Professor Nelson, who is also theme lead for Next-Generation Chemistry for Medicine & Biology at the Rosalind Franklin Institute, has been recognised for his implementation of a vision for new chemical synthesis methods to align with drug discovery needs. His team and collaborators have recently developed approaches that enable the more efficient discovery of new bioactive molecules. The award demonstrates Professor Nelson’s leadership in his field, and his ability to bring together diverse teams to solve complex scientific and technical challenges.

Professor Steve Marsden is Head of the School of Chemistry at the University and a key collaborator.

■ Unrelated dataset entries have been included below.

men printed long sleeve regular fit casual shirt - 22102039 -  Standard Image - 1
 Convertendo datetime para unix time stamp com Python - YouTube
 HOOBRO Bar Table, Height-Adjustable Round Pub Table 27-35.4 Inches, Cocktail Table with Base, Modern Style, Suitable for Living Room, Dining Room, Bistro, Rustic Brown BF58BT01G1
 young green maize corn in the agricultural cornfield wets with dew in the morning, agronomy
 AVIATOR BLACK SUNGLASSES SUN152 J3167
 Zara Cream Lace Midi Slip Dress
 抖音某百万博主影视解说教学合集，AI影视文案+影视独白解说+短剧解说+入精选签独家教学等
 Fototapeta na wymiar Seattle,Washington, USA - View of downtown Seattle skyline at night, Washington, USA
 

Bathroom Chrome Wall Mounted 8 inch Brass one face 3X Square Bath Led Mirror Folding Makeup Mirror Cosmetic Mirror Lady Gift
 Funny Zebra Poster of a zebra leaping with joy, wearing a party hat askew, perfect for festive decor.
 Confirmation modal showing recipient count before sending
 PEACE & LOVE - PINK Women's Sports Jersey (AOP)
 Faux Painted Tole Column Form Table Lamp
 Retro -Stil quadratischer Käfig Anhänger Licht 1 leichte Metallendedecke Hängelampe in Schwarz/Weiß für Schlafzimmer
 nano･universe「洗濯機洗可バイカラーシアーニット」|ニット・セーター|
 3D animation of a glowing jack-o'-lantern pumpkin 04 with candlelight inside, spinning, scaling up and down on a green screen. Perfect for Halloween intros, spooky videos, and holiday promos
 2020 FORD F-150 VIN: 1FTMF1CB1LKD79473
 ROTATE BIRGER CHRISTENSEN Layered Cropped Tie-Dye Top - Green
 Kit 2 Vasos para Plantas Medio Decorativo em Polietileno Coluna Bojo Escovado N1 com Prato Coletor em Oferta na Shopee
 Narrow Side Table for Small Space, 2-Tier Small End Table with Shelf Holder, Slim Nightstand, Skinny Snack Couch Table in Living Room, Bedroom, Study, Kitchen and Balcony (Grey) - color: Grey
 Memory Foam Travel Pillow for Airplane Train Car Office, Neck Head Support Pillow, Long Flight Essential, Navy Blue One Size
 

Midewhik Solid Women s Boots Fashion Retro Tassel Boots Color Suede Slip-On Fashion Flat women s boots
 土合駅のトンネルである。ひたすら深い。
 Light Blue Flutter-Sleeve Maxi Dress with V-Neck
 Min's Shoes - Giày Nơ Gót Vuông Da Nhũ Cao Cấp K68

He said: “This is fantastic recognition for Adam’s many contributions, both in terms of his own science and his leadership within the community, including his prominent role in delivering the EUR 196M European Lead Factory programme – a major EU industrial/academic project for drug discovery, which Adam led one of the Work Packages on.

“Adam will doubtless point to the contributions of his co-workers and collaborators, but these are testament to his skills as a leader and a mentor to his teams.”

The Rosalind Franklin Institute is a new national organisation, announced in 2017 by the UK government, dedicated to bringing about transformative changes in life science through interdisciplinary research and technology development.

The theme led by Professor Nelson at the Institute will focus on unlocking chemistry’s full potential across the entire drug discovery process, including by increasing the range of potential drug molecules and the speed of the discovery process.

Professor Andrew Livingston, Interim Academic Lead at the Institute, said: “Adam is a clear leader in his field, and this award is a huge accolade and richly deserved.

“The Next-Generation Chemistry theme at the Institute is working with industrial and academic partners from around the UK, and under Adam’s leadership will deliver internationally-significant and unique technologies in the coming years.”

Adam will receive the prize during a ceremony in September 2018 at the XXV EFMC International Symposium on Medicinal Chemistry in Ljubljana, Slovenia.